I weighed a half cup of extra light DME. It came to just under 3 ounces. Others have reported different weights.

The best way is to use a scale to weigh out the DME.

I made some assumptions for batch size and use of a stir plate. Let me know if these are off.
 
Erik, are you using an Erlenmeyer flask to do this or are you using a regular pot to boil? I would suggest try duplicating this again. In the same manner try to boil some water without DME for 10-15 min, let it cool naturally(so you don't waste ice) and see how much you lose. If you do consistently lose X % of your water in the boil at least you can calculate that for future starters.


- ISM NRP
 
Thanks you guys for all the helpful advice. Here is what I would up doing:

Since the starter was only at about 800mL, I let that go for about 24 hours, until the activity settled down and it was beginning to clear up. I refrigerated it overnight and then took it out in the morning. As that came to room temp, I made another DME starter, this time with about 1.6L water in my pot, this time with the lid on. Although I do have an Erlenmeyer, something about putting it right on the gas stove makes me cringe. So, anyway once that mini-wort cooled, I added it to the flask and I was off to the races. On the second go around, the yeast really went nuts, nearly blowing off the foil top I had made.

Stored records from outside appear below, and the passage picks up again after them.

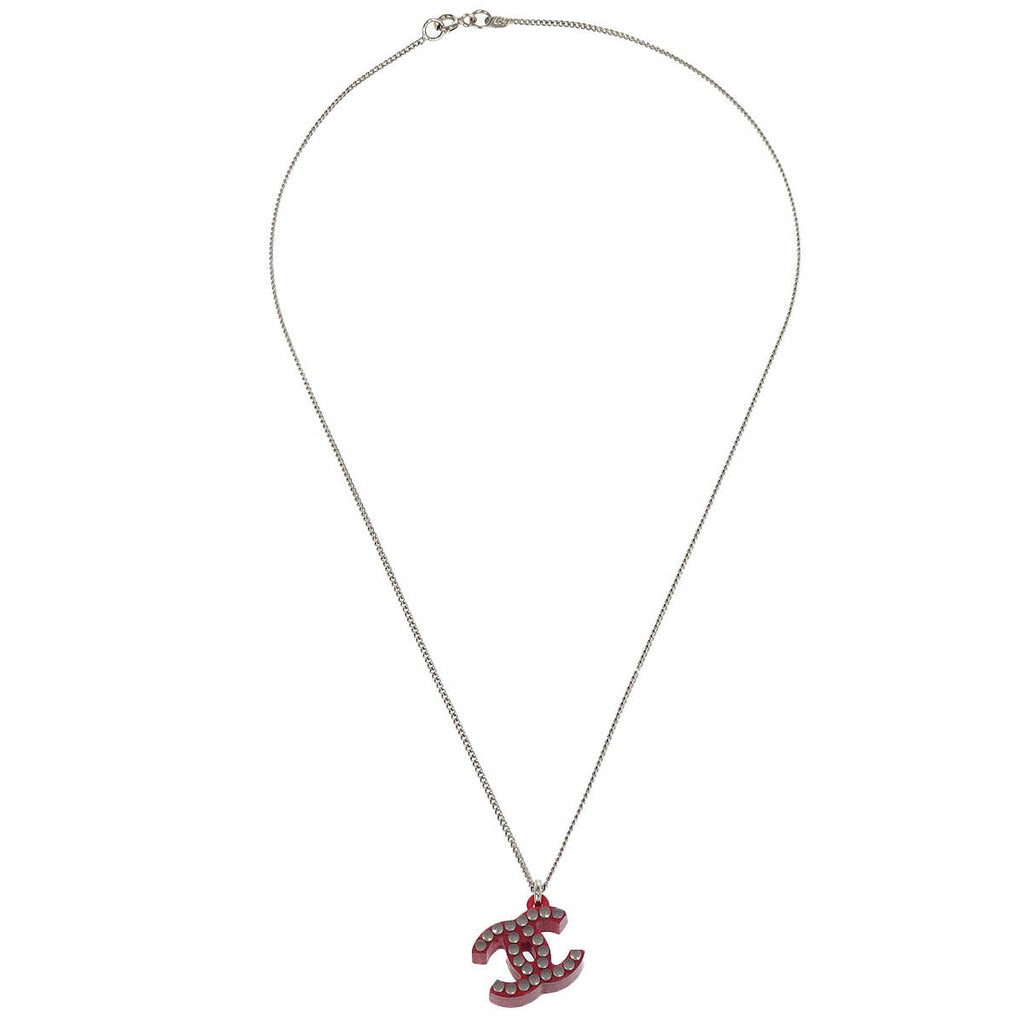 Chanel CC Chain Pendant Necklace Acrylic Silver Red 05P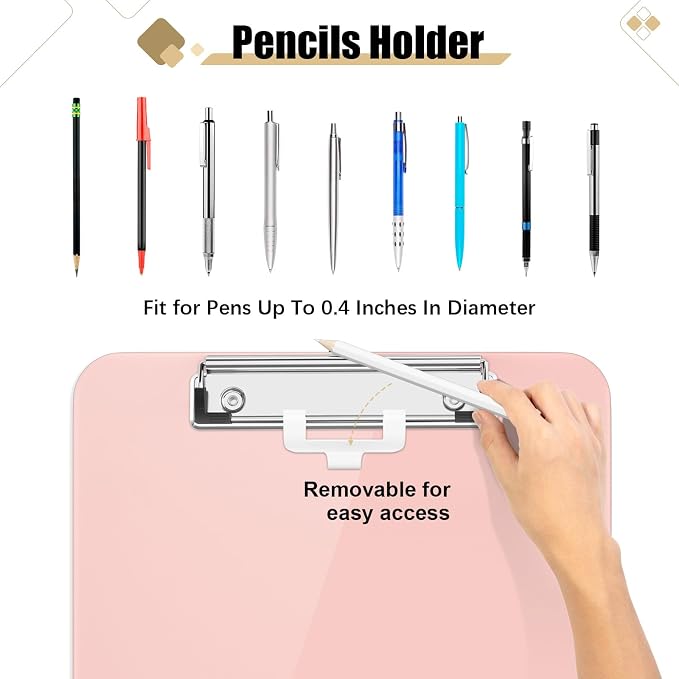 Hongri Plastic Clipboard with Pen Holder, Nurses and Women, Low Profile Clip - Image 2
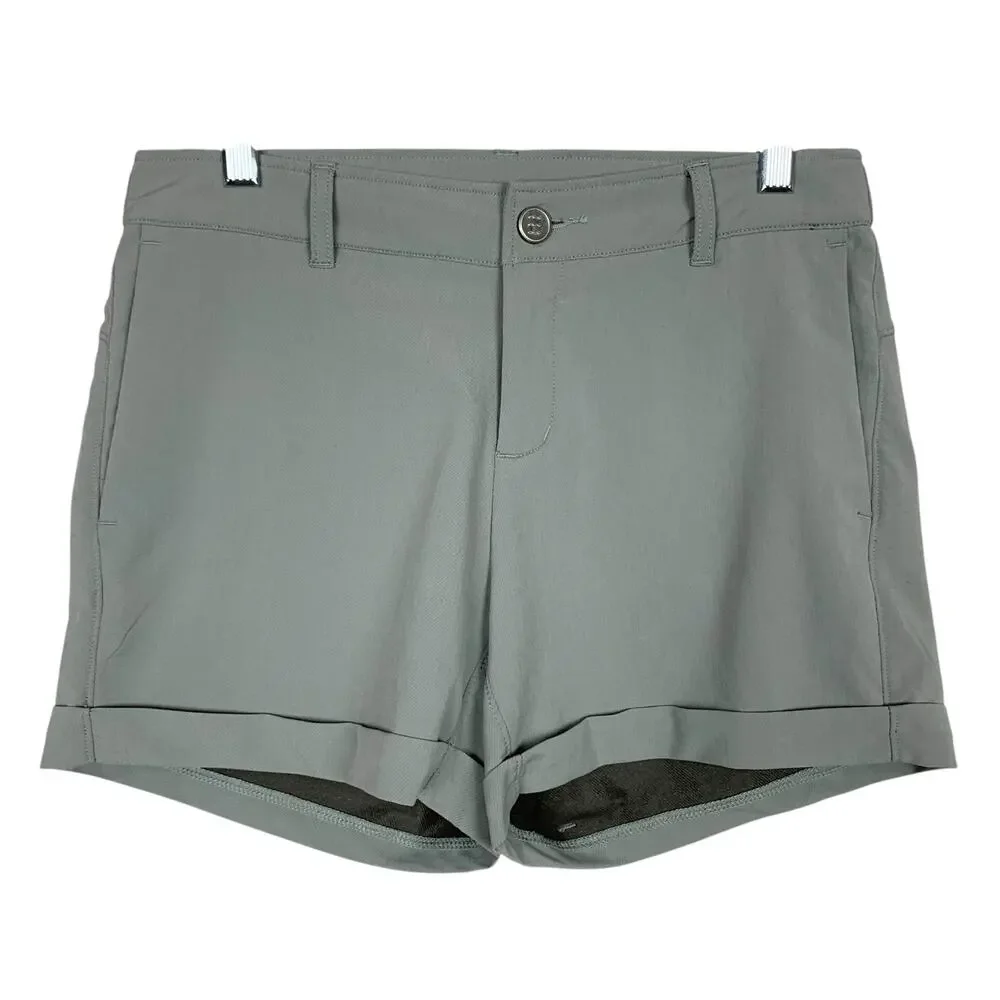 Free Fly Utility Shorts Grey Bamboo Blend Cuffed Pockets Women's S - Flaw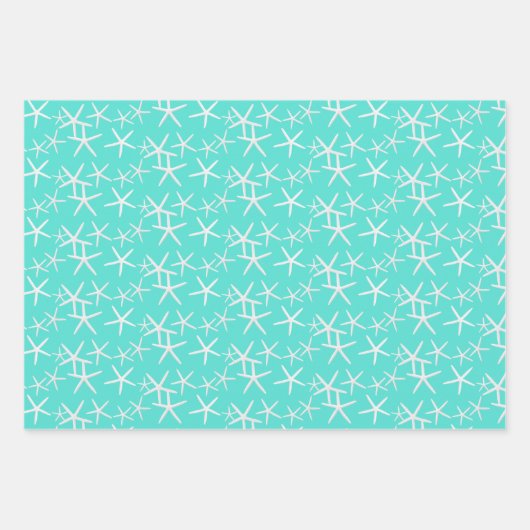 Feuille De Papier Cadeau Dollars de sable turquoise Starfish (Devant)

Right now, the beer is fermenting in the closet after a successful brew day. I brewed on Sunday. In the past, when I did not use a starter, the activity had pretty much ended by now (two days or so after brewing). I am hopeful that the continued activity is a sign that the yeast is properly attenuating (I think that is the term here). Early attenuating would lead to a beer with a sweet taste from the residual sugar that had not fermented properly due to underpitching. That sweetness is the reason that I went down this starter road in the first place, so hopefully that is a problem solved.

Again, thanks everyone for the help. I'm a pretty new brewer and I'm really grateful that I have a friendly place to turn with questions.